[Source material]
-- Opening Marker --
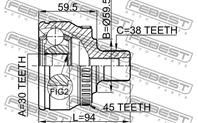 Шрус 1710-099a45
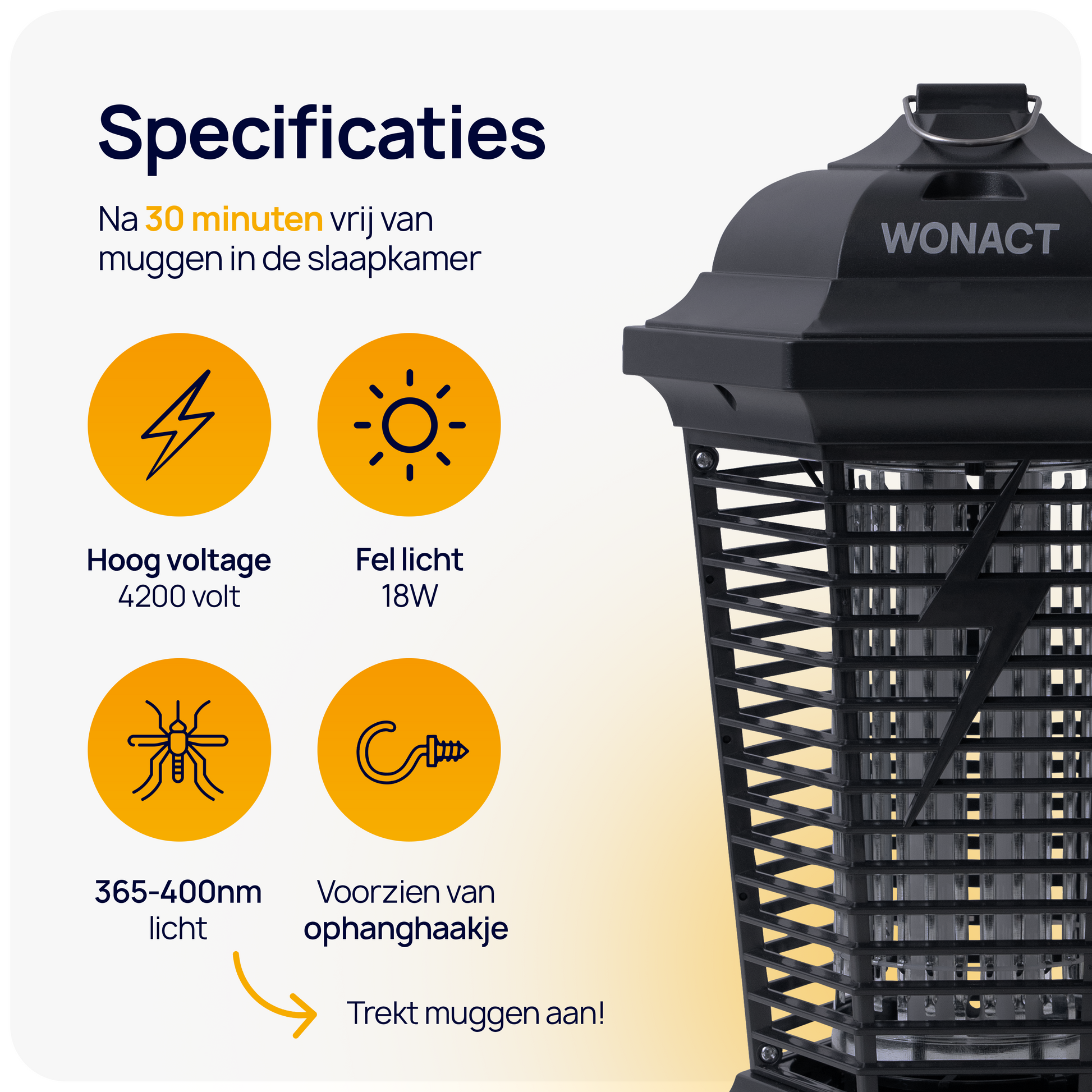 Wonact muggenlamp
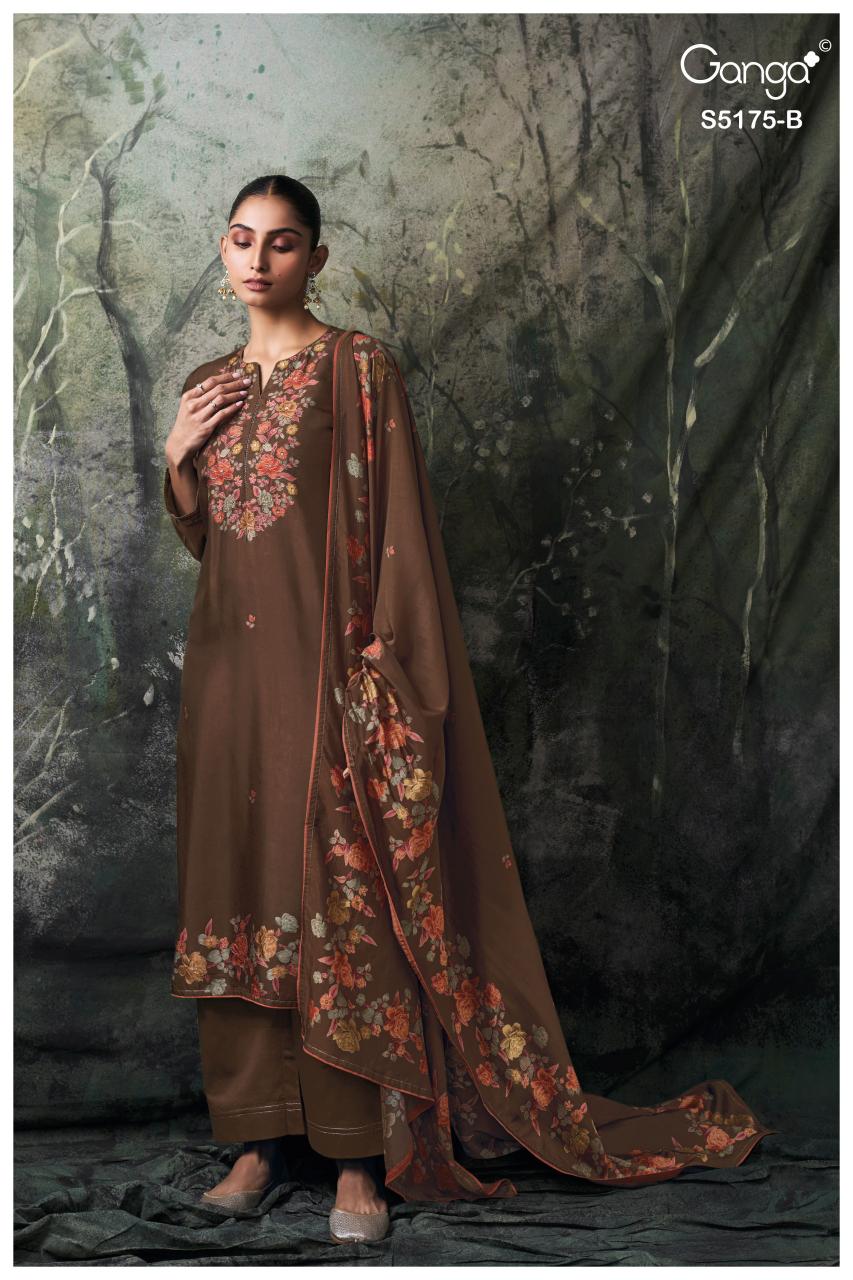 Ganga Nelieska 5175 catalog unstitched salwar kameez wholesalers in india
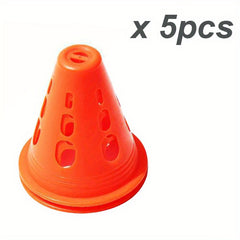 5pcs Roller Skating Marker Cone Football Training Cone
-- Closing Marker --
[Task brief] Word for word, repeat only the lines from the line containing "Wonact muggenlamp" through the end of the data, without any pictures.

[Solution to this task]
 Wonact muggenlamp
 Ganga Nelieska 5175 catalog unstitched salwar kameez wholesalers in india
 5pcs Roller Skating Marker Cone Football Training Cone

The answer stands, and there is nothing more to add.